Myanmar: Who Owns What, And Why It Matters
Denmark’s controversial decision to pay an anonymous source for beneficial ownership data drawn from the leaked Panama Papers this week is yet another example of growing demand for information on the individuals who truly own, control or benefit from companies.
The Danish tax minister indicated his government is seeking the information in order to pursue tax evasion investigations, demonstrating the critical role that beneficial ownership information can play in helping countries tackle this issue, and corruption more generally. A growing number of countries are committing to asking companies to disclose their beneficial owners. Nowhere is such transparency more important than in the extractive sector.
In February, the Extractive Industries Transparency Initiative’s international board adopted the 2016 EITI Standard. It requires implementing countries to request and companies to disclose beneficial ownership information by January 2020 at the latest. By January 2017, country-level stakeholder groups must develop roadmaps outlining how they will pursue such disclosures. With 51 EITI countries heading toward this first beneficial ownership disclosure deadline, all hands must be on deck to help country stakeholders in their planning around how beneficial ownership disclosure can be done in ways that address local contexts.
Along with other supporting organizations, NRGI has been providing support to countries on beneficial ownership transparency. This support ranges from providing technical advice on legal reforms that backstop such disclosures to facilitating the use of open data tools. In Myanmar, our research has revealed that beneficial ownership transparency could play a critical role in reforming the mineral and gemstone licensing process to improve economic and social outcomes in the country, and reducing conflict-of-interest risks associated with the role of state-owned enterprises in local content provision.

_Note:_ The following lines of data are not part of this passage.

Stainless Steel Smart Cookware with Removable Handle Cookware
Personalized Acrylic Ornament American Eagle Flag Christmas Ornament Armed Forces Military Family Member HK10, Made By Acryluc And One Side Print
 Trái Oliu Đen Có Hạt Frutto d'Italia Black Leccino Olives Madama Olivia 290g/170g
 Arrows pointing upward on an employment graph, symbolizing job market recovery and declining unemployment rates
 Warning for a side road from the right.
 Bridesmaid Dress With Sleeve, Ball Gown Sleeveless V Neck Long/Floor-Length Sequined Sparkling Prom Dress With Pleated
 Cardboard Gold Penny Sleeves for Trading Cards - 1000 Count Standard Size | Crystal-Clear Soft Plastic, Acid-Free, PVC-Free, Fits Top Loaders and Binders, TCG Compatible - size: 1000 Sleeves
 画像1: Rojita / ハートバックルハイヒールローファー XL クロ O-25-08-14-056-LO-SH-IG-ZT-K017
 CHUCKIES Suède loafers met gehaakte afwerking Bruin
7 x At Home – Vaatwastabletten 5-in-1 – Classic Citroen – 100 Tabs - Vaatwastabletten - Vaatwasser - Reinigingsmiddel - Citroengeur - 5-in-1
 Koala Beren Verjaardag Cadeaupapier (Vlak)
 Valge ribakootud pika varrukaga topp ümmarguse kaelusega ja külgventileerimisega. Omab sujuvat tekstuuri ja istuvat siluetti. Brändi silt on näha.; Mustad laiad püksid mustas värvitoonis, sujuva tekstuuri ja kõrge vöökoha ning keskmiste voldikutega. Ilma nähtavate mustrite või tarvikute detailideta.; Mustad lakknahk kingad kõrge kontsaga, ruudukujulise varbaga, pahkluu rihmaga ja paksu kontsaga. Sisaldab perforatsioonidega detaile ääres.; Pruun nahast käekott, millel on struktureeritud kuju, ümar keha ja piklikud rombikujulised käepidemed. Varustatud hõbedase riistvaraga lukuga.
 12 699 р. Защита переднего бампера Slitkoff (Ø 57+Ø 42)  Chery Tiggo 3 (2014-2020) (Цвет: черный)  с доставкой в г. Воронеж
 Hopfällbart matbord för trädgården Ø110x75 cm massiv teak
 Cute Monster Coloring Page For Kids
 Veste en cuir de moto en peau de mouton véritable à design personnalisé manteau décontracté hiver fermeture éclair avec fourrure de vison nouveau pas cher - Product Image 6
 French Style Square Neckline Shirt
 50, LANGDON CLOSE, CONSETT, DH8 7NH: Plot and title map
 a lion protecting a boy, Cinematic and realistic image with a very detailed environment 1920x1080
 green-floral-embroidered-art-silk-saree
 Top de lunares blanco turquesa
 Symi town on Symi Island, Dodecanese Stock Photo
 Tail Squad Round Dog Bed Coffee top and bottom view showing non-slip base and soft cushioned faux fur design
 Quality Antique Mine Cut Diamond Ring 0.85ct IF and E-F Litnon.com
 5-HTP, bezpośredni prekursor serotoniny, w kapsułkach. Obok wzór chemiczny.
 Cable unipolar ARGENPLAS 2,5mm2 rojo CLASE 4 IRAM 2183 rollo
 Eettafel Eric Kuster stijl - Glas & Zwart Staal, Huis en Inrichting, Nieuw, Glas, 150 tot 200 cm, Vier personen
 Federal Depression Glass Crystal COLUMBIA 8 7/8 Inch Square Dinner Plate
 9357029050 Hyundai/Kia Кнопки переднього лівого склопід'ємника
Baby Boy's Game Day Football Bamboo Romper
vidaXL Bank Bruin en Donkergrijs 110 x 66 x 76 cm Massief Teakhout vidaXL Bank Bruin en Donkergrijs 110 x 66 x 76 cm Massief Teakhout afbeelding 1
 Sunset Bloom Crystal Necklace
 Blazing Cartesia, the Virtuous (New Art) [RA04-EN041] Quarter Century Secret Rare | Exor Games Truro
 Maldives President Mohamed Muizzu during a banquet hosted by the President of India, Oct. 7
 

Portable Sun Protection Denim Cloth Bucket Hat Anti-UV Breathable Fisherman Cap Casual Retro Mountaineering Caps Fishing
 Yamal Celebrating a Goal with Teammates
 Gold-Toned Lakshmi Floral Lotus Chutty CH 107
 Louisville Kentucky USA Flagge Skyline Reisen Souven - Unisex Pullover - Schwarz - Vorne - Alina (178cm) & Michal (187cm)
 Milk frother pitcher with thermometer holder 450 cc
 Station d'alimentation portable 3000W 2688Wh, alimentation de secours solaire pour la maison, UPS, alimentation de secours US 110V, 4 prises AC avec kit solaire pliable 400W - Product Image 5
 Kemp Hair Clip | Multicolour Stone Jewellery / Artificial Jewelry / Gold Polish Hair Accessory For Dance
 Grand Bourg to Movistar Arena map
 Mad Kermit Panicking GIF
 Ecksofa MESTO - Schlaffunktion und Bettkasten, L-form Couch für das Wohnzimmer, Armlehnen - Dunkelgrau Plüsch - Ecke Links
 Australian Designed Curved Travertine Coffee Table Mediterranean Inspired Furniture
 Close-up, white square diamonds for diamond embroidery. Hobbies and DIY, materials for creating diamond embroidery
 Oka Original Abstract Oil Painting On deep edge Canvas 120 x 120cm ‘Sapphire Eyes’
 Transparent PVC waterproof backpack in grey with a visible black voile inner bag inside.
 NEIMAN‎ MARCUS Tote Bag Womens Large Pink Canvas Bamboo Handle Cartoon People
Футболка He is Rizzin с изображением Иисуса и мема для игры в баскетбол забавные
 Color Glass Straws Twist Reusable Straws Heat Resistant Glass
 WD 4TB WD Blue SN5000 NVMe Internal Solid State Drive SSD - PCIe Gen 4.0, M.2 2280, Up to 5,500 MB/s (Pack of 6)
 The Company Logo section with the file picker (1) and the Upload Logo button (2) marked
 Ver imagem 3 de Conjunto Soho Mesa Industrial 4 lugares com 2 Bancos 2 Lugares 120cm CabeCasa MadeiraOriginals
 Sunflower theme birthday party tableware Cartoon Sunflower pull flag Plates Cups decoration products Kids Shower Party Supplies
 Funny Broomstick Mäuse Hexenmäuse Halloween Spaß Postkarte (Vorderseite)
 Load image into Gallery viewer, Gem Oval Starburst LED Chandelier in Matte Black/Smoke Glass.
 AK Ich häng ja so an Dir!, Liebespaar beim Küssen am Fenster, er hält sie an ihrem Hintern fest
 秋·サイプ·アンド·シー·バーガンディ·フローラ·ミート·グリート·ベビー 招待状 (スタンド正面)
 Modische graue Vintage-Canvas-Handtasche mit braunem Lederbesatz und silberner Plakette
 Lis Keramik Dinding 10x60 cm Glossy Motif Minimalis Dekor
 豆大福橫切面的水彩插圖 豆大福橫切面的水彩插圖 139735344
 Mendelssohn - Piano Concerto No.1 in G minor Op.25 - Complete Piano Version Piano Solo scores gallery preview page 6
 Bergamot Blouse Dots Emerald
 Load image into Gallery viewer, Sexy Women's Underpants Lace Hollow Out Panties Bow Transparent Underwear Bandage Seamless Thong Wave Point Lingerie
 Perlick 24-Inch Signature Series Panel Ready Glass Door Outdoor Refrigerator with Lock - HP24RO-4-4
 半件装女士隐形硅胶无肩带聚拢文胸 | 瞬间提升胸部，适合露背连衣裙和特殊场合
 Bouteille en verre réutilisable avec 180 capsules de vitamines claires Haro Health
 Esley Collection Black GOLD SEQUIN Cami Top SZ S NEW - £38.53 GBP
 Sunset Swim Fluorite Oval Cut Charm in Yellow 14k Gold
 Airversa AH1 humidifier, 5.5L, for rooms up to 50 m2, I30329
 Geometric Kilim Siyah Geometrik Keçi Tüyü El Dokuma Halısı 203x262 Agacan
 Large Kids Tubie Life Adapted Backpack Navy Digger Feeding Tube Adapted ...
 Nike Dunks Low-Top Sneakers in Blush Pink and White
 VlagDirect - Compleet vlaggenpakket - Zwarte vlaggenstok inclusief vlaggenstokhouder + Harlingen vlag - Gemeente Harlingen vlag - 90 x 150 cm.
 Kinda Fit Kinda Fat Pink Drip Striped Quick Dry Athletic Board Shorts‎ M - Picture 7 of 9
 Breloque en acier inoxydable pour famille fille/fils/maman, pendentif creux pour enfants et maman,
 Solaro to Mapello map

Based on the key messages in NRGI’s briefing “Owning Up,” and together with our partners at Global Witness, we are recommending seven steps that stakeholders in Myanmar could take to implement the EITI beneficial ownership requirements in a way that increases the potential for concrete improvements in natural resource governance:
- Set a strong beneficial ownership definition: Stakeholders in Myanmar should be clear about who is not a beneficial owner of a company, setting a definition with either no threshold for disclosure or a very low threshold, and ensuring politically exposed persons are covered.
- Agree on identifying information for beneficial owners: It is essential that there is sufficient accompanying information for the identity of each beneficial owner to be pinpointed, and for the nature of his or her interest in the company to be fully understood (i.e. full name, identifying details, means of control, etc.)
- Agree on scope of disclosure in the short and long term:Ensure wide coverage of all relevant companies in the sector will be key.
- Establish mechanisms and timeframes for data collection: A clear process and timeframe will ensure companies are clear on when and how they should be reporting.
- Find a workable method for confirming information:Companies should be required to attest to the accuracy of information and provide documentation to back this up, tasking data collectors with cross-checking the information against available documentation or performing deeper audits could also help ensure accuracy.
- Publish information in an open data format: The beneficial ownership declarations coming out of the EITI process should be fully downloadable and accessible to the public so that anyone looking into the extractives sector or a particular company’s activities can review and use the data easily.
- Commit to improving extractive sector governance: The Myanmar government, responsible companies and civil society could multiply the benefits of new beneficial ownership information by combining it with other public resources as they carry out investigations or due diligence.